Jan. 27th, 2006

matrixrefugee: the word 'refugee' in electric green with a background of green matrix code (Cogito_Ergo_Snark)
WARNING: Headspace-dweller related rantage. May contain bad typing.

They're drawing a bead on Flood.

First the Merv, now his 2IC. What. The. Felch. Never heard of "don't shoot the messanger", devs?!

I only heard it from my friends in The Devil's Advocate (the Merv faction I run with), who've run more of the latest critical missions, that apparantly something wierd looks like it's gonna go down.

I don;t need to have two of my headspace dwellers in the gunsights, s'il vous plait. Stop putting a big red target on the back of the Merv's jacket, and don't put one on the Snarky Exile, the Monochrome Metrosexual, the Iceman... It shows up too easily: the Merv can take off his jacket and let the damn thing blend in with the red silk shirt he usually wears.

Sorry, I had to make a lame joke to make myself laugh.

Thus, Flood is in his own panic mode, and considering that this guy is a nervous drinker (ie. when he's nervous, he drinks more than his usual several mimosas spaced out in the course of an evening. A lot more.), he's proceeding to get himself pasted as fast as possible.
matrixrefugee: the word 'refugee' in electric green with a background of green matrix code (Constantine)
The latest rumor is that the church is suppposed to close by March 31st. Smack in middle of Lent. Can't they hold off till Easter (ie. April 16th this year)?! Besides, spring can be unpredictable, and do they really want to toss out the old folks who rely on the Cardinal Mediros Center that early? Maybe we can push this as far as Easter... and Trinity Sunday, our patronal feast... Maybe another Christmas, we *are* the "Christmas Church" after all...

The good news: O'Regan the wretch is resigning as pastor. Thank. God. Let's hope that the quietly charismatic Father Charles Higgins, a proponent of the Latin Mass who's also a really good priest and human, gets assigned to take his place. There's supposed to be some kind of reception for Father O'Regan this Sunday coming, but I can guarantee *I* won't be there. I couldn't keep a civil tongue in my head, for what he did to us.

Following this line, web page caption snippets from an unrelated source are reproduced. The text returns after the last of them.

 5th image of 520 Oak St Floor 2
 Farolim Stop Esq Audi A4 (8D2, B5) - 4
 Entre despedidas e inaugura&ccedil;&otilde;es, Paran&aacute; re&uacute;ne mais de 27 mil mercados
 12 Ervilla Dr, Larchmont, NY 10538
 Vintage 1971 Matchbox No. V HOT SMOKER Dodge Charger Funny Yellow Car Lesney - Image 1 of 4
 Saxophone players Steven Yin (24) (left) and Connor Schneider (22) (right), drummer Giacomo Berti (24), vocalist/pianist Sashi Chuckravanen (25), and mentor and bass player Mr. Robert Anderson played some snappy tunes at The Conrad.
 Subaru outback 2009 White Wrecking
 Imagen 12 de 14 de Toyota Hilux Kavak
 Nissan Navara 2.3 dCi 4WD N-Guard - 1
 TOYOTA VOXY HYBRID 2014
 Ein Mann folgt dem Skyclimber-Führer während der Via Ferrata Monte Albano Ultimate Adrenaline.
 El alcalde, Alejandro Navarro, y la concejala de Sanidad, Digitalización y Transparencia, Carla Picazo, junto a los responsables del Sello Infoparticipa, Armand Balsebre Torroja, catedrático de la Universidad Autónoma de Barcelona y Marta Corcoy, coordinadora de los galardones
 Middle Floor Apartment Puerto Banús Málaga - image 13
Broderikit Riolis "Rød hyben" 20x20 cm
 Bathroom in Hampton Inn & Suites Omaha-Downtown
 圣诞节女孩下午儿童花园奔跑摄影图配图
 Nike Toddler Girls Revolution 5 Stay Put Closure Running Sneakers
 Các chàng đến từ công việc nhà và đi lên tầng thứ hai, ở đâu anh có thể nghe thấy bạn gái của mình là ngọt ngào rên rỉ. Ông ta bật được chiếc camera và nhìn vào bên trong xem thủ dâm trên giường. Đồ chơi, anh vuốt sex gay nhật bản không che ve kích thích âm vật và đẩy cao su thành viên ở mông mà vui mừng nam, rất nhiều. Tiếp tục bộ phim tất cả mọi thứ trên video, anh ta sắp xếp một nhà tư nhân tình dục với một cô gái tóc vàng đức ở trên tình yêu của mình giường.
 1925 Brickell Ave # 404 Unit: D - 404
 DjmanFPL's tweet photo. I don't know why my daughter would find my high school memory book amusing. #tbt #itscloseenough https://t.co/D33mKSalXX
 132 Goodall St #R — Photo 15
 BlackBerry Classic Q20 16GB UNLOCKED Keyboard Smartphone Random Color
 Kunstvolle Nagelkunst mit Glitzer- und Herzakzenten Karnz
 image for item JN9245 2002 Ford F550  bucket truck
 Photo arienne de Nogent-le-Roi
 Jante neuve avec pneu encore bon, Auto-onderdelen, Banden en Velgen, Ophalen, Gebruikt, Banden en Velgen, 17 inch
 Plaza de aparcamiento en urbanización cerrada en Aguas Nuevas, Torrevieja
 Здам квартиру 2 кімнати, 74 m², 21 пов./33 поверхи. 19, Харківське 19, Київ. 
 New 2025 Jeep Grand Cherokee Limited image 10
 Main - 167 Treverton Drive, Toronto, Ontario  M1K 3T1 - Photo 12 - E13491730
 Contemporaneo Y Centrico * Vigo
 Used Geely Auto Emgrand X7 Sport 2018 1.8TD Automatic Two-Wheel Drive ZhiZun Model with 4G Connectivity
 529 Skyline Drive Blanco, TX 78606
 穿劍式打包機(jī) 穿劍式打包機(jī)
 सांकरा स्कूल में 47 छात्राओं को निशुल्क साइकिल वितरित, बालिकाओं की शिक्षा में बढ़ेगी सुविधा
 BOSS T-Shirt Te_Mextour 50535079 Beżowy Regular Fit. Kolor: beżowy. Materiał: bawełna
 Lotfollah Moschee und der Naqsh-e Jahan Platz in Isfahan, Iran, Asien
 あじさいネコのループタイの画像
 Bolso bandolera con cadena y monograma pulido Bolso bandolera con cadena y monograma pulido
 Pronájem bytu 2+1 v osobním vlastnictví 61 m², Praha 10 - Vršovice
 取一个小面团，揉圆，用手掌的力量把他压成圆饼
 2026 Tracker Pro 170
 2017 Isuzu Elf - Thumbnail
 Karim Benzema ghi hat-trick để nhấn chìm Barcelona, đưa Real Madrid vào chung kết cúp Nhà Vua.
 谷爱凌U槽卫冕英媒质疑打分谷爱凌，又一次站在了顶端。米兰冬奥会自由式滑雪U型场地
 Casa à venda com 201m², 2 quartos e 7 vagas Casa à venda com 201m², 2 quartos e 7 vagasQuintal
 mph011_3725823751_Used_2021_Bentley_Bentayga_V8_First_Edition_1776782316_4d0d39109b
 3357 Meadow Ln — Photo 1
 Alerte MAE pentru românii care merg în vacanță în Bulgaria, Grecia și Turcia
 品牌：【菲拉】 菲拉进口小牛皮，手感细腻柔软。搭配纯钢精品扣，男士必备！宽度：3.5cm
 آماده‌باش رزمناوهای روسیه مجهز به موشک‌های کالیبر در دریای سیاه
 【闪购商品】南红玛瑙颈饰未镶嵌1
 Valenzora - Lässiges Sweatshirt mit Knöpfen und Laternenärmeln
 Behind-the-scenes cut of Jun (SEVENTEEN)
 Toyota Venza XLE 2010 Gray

And some crazy work stuff:

I was bagging at this one register, toward the end of my shift, when "Phuong" the supervisor pages me to come to the checkout. I finished up the order I was bagging, then turned around and called out, while waving my arms over my head, "Yoo-hoo, Phuong! I'm over here, bagging! Hell-LO!" I said it laughingly, in order help him "save face".
matrixrefugee: the word 'refugee' in electric green with a background of green matrix code (Cogito_Ergo_Snark)
Well, if there was anything to convince me I probably made the right decision when I took the Pledge when I turned 21, besides the much more important reason that there's bad alcoholism on both sides of my thankfully estranged extended family, it would be having a hungover Exile in my headspace. This isn't fun. Neither was having him trying to front all last night when I was trying to IM people. Sorry about the occasional drunk typing last night, people! I barely managed to get him back under control, but thankfully, he passed out. Then the headspace crazies, including Adrien his brother, and Feronus the werewolf, decided to have some fun with him. They wanted to strip Flood naked and chain him to a street sign smack in the middle of Downtown in the Mega-City, but I told them that might make him an easy mark for whoever's trying to bump him off. Then they almost took [livejournal.com profile] he_dreams_awake's suggestion to "Cover him with mustard and tell him you have no idea what happened to him." I put in a comprimise: strip Flood and put some of his brother's cheap, off-the-rack clothes on him.

Needless to say, he didn't stir till noon, aside from waking up when I woke up at 9.30 and in a weakened voice begging me to "Please shut the blinds before [he] went blind". I replied, "I can't, there's a balsam fir with red and white Christmas lights on it in the way. And you can't be too bad off if you can still do word play." but he'd gone back under before I got all that out.

So... I've had to put up with a ghost of a headache and ghost nausea all day. If he ever does this again, I just might throw him to the mercy of the Tinkertoy devs and tell them "Have at it!" No, really, I'm managing to keep my sense of humor. Thank heavens that "Psychology Today" magazine ran a cover article on dealing with narcissists... one of the cardinal rules: If you keep a narcissist in the right perspective, they're actually very funny.